Google uses multiple data sources to profile its users, the main ones being:

Search history,
Gmail email,
Browsing history (via Chrome or the Google Display Network),
YouTube History,
Google account activity.
Using audiences in Google Ads allows you to qualify the profiles of users who are likely to be exposed to your ads.

Group your audiences

Best practice is to classify users into 3 main groups:

Customers : They are already users of your services, they present a potential and retention challenge.
"Hot" leads : This is your "incubator" where we classify users who have interacted with your services but are not yet customers.
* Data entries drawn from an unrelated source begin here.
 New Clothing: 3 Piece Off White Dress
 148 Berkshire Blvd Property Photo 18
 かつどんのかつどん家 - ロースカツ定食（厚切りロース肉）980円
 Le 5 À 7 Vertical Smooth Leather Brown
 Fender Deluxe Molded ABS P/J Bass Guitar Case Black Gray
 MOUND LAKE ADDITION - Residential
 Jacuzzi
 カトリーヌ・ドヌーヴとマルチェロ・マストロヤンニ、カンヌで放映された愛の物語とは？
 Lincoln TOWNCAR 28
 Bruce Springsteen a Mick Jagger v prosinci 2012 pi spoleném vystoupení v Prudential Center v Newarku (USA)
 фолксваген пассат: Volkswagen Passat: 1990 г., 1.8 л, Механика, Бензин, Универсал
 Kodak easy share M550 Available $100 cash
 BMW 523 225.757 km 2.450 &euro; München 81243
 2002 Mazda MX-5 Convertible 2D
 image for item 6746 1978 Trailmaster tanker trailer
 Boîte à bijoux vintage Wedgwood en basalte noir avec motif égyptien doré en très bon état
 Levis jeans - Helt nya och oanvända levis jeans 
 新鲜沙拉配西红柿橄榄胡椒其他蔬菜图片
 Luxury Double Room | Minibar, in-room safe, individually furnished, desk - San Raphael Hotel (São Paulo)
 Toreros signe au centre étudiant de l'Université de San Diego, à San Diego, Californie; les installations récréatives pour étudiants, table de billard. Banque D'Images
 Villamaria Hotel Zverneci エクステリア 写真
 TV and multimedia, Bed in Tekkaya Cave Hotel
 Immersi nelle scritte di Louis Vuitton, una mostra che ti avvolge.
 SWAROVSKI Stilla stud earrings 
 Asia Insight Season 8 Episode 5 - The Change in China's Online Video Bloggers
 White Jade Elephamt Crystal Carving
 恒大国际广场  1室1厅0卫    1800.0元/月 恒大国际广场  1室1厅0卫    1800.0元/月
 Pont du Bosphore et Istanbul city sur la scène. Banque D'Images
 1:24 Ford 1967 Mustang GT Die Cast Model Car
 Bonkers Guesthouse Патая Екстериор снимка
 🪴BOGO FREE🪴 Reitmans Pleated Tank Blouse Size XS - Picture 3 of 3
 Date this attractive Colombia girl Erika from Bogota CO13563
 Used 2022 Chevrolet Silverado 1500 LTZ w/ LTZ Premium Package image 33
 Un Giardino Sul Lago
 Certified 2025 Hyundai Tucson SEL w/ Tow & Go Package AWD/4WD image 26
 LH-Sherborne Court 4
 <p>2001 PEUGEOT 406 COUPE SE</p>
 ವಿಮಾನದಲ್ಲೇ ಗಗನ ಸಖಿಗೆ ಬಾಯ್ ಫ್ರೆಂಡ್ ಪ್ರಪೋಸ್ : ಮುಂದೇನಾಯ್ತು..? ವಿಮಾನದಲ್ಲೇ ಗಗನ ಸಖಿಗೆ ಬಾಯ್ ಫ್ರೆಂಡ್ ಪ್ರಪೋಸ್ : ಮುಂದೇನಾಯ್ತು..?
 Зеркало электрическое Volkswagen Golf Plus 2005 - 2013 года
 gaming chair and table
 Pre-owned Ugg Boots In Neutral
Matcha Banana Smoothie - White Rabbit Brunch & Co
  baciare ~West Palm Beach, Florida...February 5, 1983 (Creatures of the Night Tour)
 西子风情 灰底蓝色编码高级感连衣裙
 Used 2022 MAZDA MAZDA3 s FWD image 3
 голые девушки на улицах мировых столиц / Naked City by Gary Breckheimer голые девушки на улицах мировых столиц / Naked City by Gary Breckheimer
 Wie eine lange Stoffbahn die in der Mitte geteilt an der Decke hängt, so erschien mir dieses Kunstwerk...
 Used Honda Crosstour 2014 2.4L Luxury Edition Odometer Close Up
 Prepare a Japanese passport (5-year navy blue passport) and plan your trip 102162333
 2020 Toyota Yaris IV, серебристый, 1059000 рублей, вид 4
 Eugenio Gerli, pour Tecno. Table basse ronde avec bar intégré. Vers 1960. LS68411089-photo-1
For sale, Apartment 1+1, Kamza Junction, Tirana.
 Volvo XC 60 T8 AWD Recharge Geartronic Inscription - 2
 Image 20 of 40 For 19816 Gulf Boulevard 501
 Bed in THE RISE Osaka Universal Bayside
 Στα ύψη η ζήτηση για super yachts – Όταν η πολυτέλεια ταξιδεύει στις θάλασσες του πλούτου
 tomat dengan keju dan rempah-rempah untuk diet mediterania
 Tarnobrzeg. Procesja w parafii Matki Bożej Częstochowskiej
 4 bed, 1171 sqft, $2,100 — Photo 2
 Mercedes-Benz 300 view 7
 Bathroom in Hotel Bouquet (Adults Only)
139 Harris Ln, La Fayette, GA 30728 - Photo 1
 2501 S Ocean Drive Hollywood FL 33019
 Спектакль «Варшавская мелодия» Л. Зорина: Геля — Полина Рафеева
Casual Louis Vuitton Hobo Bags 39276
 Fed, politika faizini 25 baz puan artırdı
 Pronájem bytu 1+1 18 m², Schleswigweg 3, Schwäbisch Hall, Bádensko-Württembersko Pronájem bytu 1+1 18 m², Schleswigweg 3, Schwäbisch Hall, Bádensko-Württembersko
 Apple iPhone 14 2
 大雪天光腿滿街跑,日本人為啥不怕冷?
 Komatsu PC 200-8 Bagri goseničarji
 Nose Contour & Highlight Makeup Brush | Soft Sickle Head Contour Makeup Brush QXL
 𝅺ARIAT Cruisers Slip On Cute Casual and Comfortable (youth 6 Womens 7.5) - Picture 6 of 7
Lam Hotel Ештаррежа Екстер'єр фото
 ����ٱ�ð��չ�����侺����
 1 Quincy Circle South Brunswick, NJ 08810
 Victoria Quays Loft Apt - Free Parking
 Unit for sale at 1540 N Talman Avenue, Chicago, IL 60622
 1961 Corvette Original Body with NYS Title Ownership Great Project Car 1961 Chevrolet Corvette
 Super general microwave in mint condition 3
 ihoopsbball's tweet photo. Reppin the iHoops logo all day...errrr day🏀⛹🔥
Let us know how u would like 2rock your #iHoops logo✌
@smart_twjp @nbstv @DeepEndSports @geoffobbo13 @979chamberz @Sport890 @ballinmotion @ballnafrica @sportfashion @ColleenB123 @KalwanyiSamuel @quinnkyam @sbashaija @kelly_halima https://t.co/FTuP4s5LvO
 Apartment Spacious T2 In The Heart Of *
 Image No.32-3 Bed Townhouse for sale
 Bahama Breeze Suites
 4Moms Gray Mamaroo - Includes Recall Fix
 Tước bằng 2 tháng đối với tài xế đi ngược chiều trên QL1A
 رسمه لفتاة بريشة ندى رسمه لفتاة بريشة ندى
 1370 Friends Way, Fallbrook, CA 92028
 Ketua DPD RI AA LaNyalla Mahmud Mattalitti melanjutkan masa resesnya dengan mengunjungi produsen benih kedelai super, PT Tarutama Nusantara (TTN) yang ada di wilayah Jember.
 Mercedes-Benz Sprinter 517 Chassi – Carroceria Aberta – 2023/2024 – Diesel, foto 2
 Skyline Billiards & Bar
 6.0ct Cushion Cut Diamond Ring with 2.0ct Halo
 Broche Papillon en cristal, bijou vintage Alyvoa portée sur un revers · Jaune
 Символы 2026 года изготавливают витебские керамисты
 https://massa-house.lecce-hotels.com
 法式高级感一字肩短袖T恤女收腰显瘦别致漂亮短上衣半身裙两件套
This can also be called a lead nurturing strategy.
Prospects : Users who are targeted by your services and who have never interacted with your brand.

Today, at JVWEB, an e-marketing agency specialized in search engine optimization, we estimate that advertisers lose between 20 and 30% of their conversions if they do not use an audience strategy .

From another perspective, the AdWords account performance analysis tool, Seiso, shows that advertisers can waste up to 45% of their budget on irrelevant audiences (which should be excluded from their campaigns).

The different types of public

Audiences are determined from different data: Google data or advertiser data.

Audiences derived from Google data

Demographic/geographic : These allow you to reach or exclude people who are more likely to be of the same age, sex, parental status, or income level.